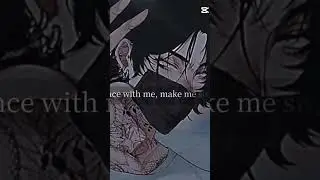 I think this one is hot bc i like men when have a really deep voice and sings lol 😆 🖤🖤🥀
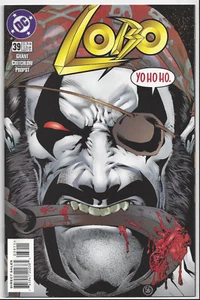 LOBO #39 (1993 LAUFENDE SERIE) NEAR MINT + 9.6 - Bild 1 von 2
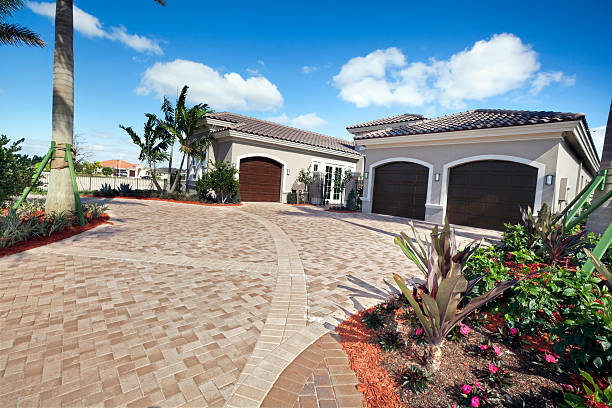 Best Cobblestone Driveway Pavers  in Thonotosassa, FL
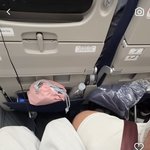 니네 <b>비행기</b> 옆자리에 이런사람 있으면 어떡할거야?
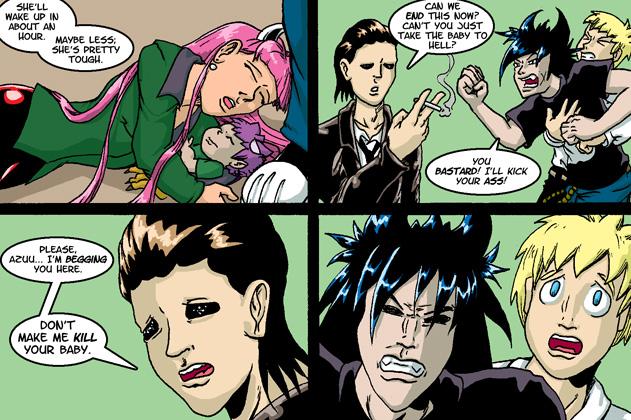 #1143 Feeding: A Simple Request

What the task asks: The answer must be an exact copy of the lines above, from the start of the records through the line with "니네 <b>비행기</b> 옆자리에 이런사람 있으면 어떡할거야?", and of nothing else; no pictures belong in it.

Solution to the problem:
 I think this one is hot bc i like men when have a really deep voice and sings lol 😆 🖤🖤🥀
 LOBO #39 (1993 LAUFENDE SERIE) NEAR MINT + 9.6 - Bild 1 von 2
 Best Cobblestone Driveway Pavers  in Thonotosassa, FL
 니네 <b>비행기</b> 옆자리에 이런사람 있으면 어떡할거야?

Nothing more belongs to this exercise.